In the running of a successful PR and brand management business, and then a performance management company that focuses on identifying and then developing the potential of people in order to build brands, I often observed how confidence could be crushed when staff are required to tackle a new task. Often the best salesperson is promoted to become sales manager, and is then expected to lead.
But who has skilled or mentored them to become the best possible leader? Is leadership inherent or acquired behaviour? I co-wrote my first book, Raise your Game®, after writing the material for a rugby team that focused on the fact that because they were professional sportspersons, they were automatically expected to manage their public persona, give value to sponsors and cope with the media.
The first chapter, on personal brand (before anyone seemed to have heard of the term!), needed expansion, so I then wrote a second book called Raise your Profile. This was partnered by SABMiller, and I then had the pleasure of upskilling the young entrepreneurs in their KickStart programme. Both these books have brought with them many opportunities to address new audiences and to bring the material to life.

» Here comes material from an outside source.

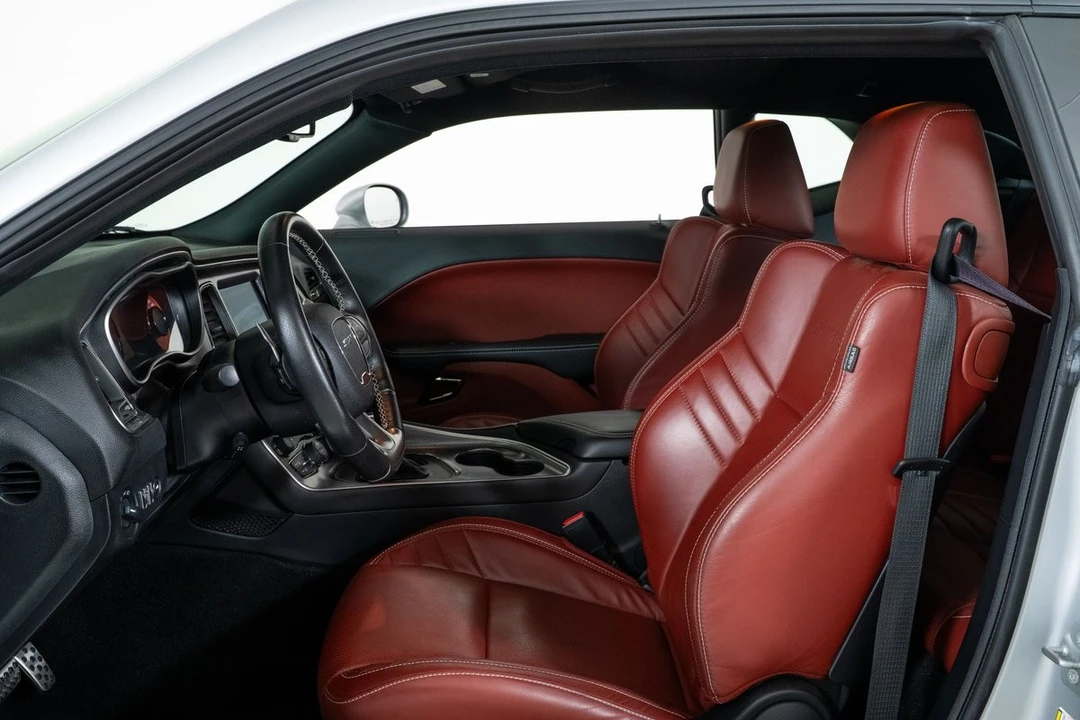 2019 Dodge Challenger SRT Hellcat 3rd Gen - Image 24 of 31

Raise your Leaders™, my third book, is no exception. Partnered by the Laser Group, I have proudly been facilitating their sustainable in-house leadership academy for three years. Their leader genuinely believes in identifying and then grooming every possible leader in their company, and seeing first-hand how the delegates grow from elementary into intermediate and then executive leadership. I do wonder why more companies are not doing the same.

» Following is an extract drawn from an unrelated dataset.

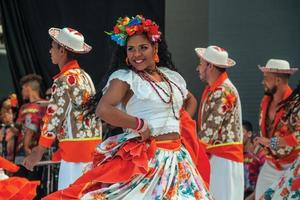 nova petropolis, brazilië - 20 juli 2019. braziliaanse vrouwelijke volksdanser die een typische dans uitvoert op het 47e internationale folklorefestival van nova petropolis. een landelijke stad gesticht door Duitse immigranten. foto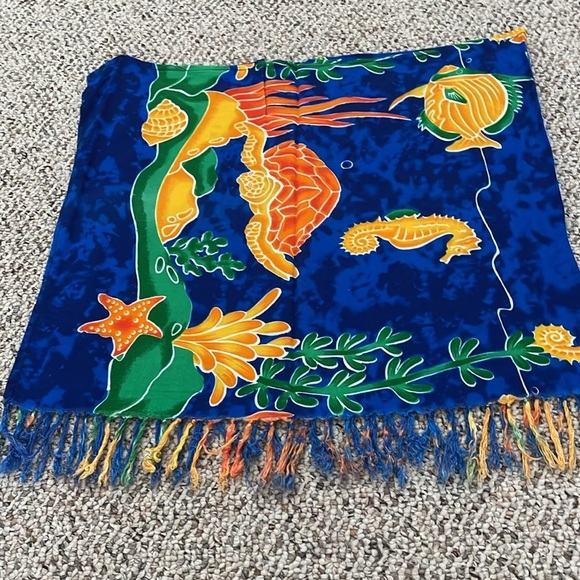 Beachy Themed Sarong - Picture 4 of 6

I am grateful for many things, but in particular for my hungry, enquiring mind, my thirst for information and my appetite for sharing it. I have an ongoing urge to express myself, either verbally or in writing, and feel blessed to have a platform for exposing my ideas in this column and when facilitating leadership and performance workshops and courses.

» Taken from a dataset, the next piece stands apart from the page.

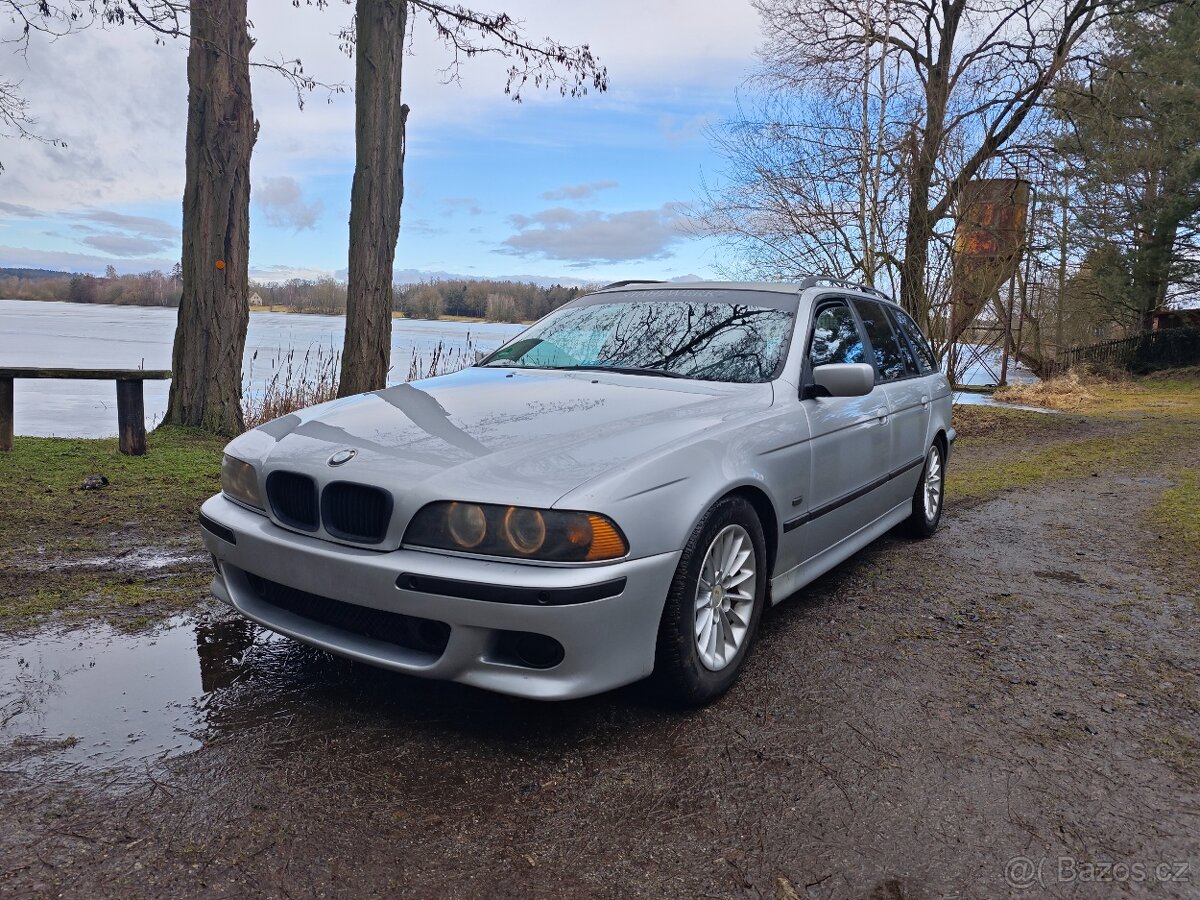 Bmw E39 525i manuál - 2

When my younger son respectfully asked me what licence I have to write a book on leadership (having never governed a country nor a corporate company nor captained a national sporting side), I responded with my personal philosophy on leadership which is the quote above. I finished off by saying that I am an observer of leadership, not an authority on leadership. He seemed happy with my answer, but I began to wonder why I so earnestly wanted to write Raise your Leaders™.
The discourse about leadership seems to be moving from the position where leadership had all the answers to a place where it endeavours to outline the questions that persist. My older son then asked me “Why another book on leadership?” Thousands of books on leadership have been written, many by leaders who share their personal lessons. I love them and have learnt so much from reading, absorbing and applying nuggets of wisdom from each.
There are, however, not many that are conversational easy reads, relevant for the emerging leader of tomorrow. Few give an overview rather than one individual perspective. Not many are geared for raising the next generation of leaders in our unique and special South African business landscape. None seemed to give application and activity, the ‘how to’.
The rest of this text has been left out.